The competitions call on teams to repeatedly launch miniature satellites into orbit, develop a solar-powered rover that can run at night on stored energy or build a sample-return robot that can navigate over varied terrain and retrieve an identifiable object.

“NASA sponsors prize competitions because the agency believes student teams, private companies of all sizes and citizen-inventors can provide creative solutions to problems of interest to NASA and the nation,” said Robert Braun, NASA’s chief technologist. “Prize competitions are a proven way to foster technological competitiveness, new industries and innovation across America.”

The contests were announced here at the Space Technology Industry Forum, hosted by NASA’s Office of the Chief Technologist. The office is responsible for direct management of NASA’s space technology programs, and for coordinating and tracking technology investments across the agency.

Centennial Challenges are open to individuals, groups and companies working outside of the traditional aerospace industry. Monetary awards are made after solutions are successfully demonstrated; the participants maintain ownership of their intellectual properties.

Since 2005, NASA has conducted 19 competitions in six challenge areas and has awarded $4.5 million to 13 different teams.

The objective of one of the new competitions, the Nano-Satellite Launch Challenge, is to place a small satellite into Earth orbit twice in one week. The challenge is designed to stimulate innovation in low-cost launch technology and has a potential prize of $2 million.
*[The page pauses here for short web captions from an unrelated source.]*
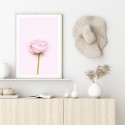 Pink Rose Art Print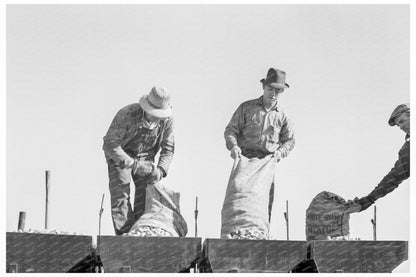 1939 Workers Loading Potato Planter in Kern County California - Available at KNOWOL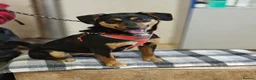 Mixed Breed dogs for adoption: ❤️🐶 PENNY – SHE WON’T LET YOU JUST PASS BY in Burton-on-Trent - Advert 6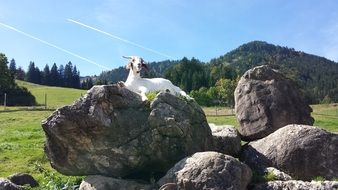 goat on stones on a green meadow on a sunny day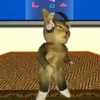 TikTok Gato Donato bailando 🎶😺 6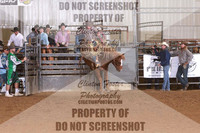 Saddle Bronc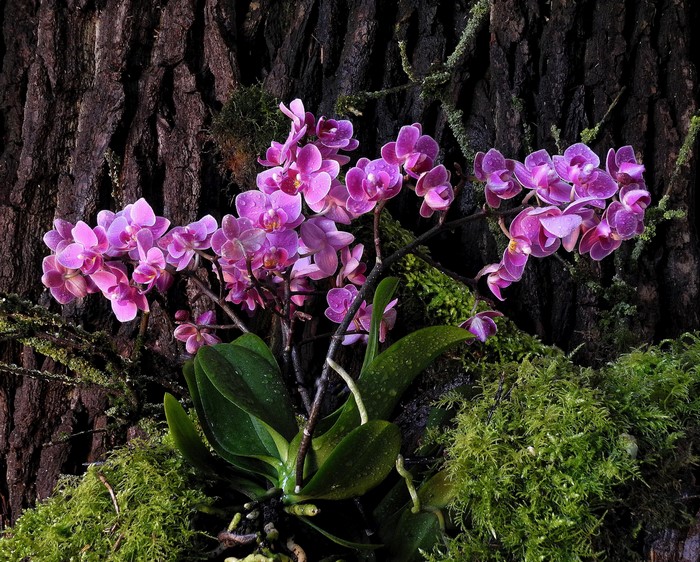Pink orchids growing on a mossy tree trunk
The Night Rover Challenge has a prize purse of $1.5 million. The objective is to support innovations in energy-storage technologies that could prove valuable in extreme space environments, such as on the surface of the Moon.

Technological advances in this area also could have applications on Earth for electric vehicles and renewable energy systems, NASA officials said.

“With a lot of these things, there could be tremendous spin-offs in other fields,” said Andrew Petro, Centennial Challenges program executive.

The third contest, with $1.5 million in prize money, is the Sample Return Robot Challenge. It calls for teams to build and demonstrate a robot that can locate and retrieve geological samples from wide and varied terrain without human control. The challenge focuses on innovations in automatic navigation and robotic manipulator technologies.

“The Centennial Challenges have been recognized by the White House and the administration as an innovative approach to doing business,” Braun said. “It’s an approach in which we engage a wide variety of innovators across the nation. Through the space technology program, we hope to take that innovation and shine it like a laser on our space program and change the way we do business in the future.”

The program initiatives under the space technology program — including the Centennial Challenges — are subject to congressional approval. The Office of the Chief Technologist has requested $10 million in federal funding each year through 2015 as part of the expansion of the Centennial Challenges.

While the future of the program is contingent upon funding in 2011 and beyond, officials at the Office of the Chief Technologist are confident that NASA’s revised space technology program can help restore the agency’s cutting-edge technological prowess.

“There has been significant debate in Congress already for the need for a program just like this,” Braun said. “We’ve taken all the external input, all the criticisms from NASA’s past, and from that we have shaped the space technology program.”